REQUIREMENT =>
Show every line from the entries that follow which holds the word "Green".

################

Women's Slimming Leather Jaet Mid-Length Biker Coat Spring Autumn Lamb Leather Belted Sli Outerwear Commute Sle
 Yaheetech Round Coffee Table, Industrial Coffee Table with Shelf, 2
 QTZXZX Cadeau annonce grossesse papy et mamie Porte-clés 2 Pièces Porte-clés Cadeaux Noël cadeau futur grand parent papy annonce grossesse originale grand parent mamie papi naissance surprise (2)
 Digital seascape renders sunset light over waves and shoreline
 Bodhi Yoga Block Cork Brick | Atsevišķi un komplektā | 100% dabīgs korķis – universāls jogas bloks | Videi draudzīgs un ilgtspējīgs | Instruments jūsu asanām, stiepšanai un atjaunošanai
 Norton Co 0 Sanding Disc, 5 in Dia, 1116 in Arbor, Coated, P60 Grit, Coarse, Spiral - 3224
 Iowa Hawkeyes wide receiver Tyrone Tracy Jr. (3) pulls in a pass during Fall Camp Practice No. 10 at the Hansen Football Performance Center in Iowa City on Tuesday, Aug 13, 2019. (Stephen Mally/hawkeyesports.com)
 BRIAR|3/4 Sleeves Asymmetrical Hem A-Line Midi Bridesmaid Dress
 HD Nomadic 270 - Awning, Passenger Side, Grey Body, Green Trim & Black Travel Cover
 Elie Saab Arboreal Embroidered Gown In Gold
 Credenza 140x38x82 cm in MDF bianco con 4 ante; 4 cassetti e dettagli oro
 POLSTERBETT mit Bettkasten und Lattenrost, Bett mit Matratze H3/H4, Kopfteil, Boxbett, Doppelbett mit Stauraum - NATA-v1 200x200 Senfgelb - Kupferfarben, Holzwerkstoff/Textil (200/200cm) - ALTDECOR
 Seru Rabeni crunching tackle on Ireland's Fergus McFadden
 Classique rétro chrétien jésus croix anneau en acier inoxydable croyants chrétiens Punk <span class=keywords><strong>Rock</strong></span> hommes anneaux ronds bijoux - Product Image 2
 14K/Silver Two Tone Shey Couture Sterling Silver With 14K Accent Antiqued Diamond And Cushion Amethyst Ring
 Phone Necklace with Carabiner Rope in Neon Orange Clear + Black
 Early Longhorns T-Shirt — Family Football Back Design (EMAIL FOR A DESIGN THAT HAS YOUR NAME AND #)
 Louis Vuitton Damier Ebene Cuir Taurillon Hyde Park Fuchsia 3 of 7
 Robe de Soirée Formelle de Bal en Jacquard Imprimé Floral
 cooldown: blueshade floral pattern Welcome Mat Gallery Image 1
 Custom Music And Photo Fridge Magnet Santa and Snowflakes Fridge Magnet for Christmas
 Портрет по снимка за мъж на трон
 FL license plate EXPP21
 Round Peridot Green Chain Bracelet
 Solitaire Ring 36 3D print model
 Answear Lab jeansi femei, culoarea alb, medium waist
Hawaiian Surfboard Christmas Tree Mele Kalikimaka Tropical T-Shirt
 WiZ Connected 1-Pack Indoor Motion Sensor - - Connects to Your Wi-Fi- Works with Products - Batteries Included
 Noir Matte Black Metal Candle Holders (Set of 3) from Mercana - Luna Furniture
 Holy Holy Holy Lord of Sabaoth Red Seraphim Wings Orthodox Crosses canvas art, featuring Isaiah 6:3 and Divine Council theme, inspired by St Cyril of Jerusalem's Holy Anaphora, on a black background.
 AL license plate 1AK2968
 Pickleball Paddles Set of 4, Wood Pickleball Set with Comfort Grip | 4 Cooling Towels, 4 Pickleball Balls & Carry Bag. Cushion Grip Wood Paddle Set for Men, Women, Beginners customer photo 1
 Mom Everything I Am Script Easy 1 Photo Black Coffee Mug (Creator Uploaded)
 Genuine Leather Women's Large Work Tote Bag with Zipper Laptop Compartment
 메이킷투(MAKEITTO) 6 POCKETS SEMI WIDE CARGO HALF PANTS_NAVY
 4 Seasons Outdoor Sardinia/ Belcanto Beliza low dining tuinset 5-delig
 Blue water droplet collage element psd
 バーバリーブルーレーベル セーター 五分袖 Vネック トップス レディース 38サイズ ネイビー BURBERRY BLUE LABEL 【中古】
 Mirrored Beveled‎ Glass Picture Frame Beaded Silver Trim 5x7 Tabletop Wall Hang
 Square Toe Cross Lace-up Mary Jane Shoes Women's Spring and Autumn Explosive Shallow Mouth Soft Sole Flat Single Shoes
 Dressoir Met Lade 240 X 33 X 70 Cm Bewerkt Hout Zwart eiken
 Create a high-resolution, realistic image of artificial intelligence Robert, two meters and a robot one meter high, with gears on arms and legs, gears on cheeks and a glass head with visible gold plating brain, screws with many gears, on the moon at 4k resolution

################

OUTPUT =>
 HD Nomadic 270 - Awning, Passenger Side, Grey Body, Green Trim & Black Travel Cover
 Round Peridot Green Chain Bracelet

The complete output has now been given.